All of the data should be copied exactly, with the pictures left out.

## Source data
BEGIN
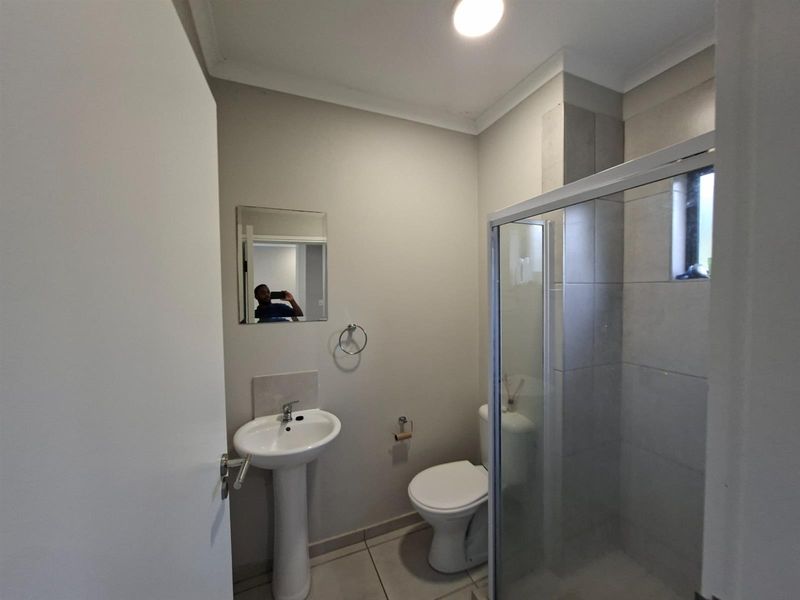 Secure and Luxury Apartment Rent in Waterfall, KwaZulu Natal - Photo 6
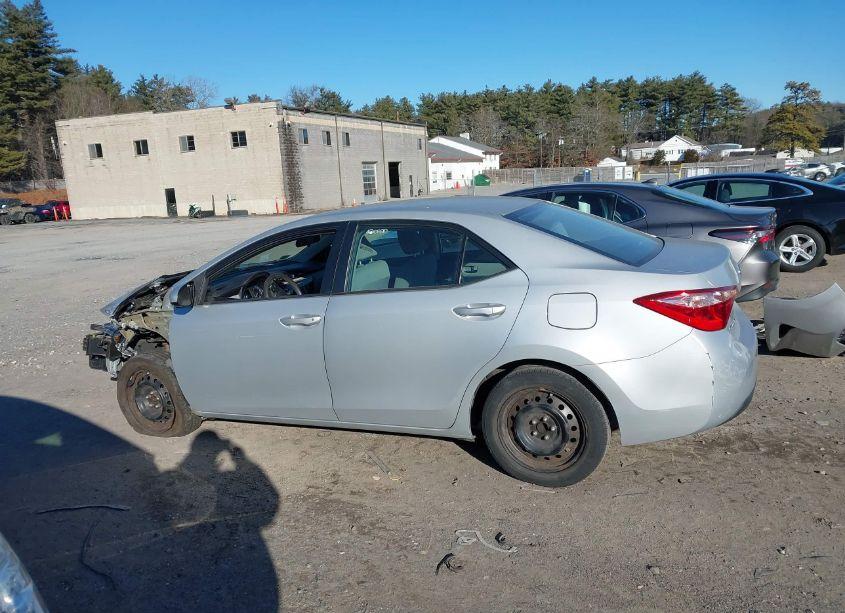 Photo 15 of 2018 Toyota Corolla LE (VIN 2T1BURHE5JC121597)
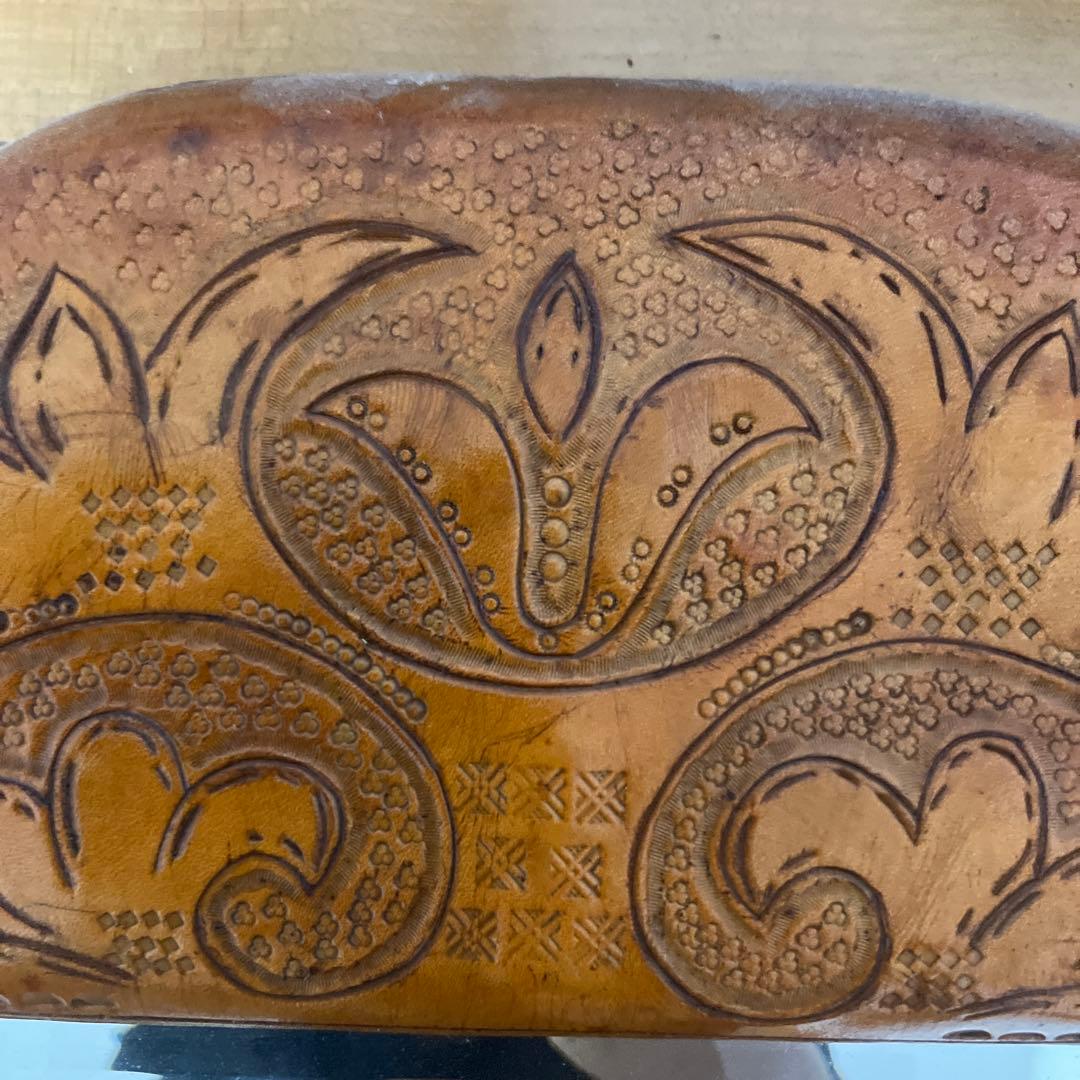 壁掛け鏡　革　カービング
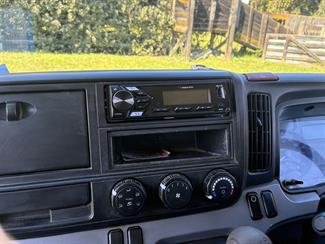 2012 Mitsubishi Canter - Thumbnail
END
## Answer to the problem
 Secure and Luxury Apartment Rent in Waterfall, KwaZulu Natal - Photo 6
 Photo 15 of 2018 Toyota Corolla LE (VIN 2T1BURHE5JC121597)
 壁掛け鏡　革　カービング
 2012 Mitsubishi Canter - Thumbnail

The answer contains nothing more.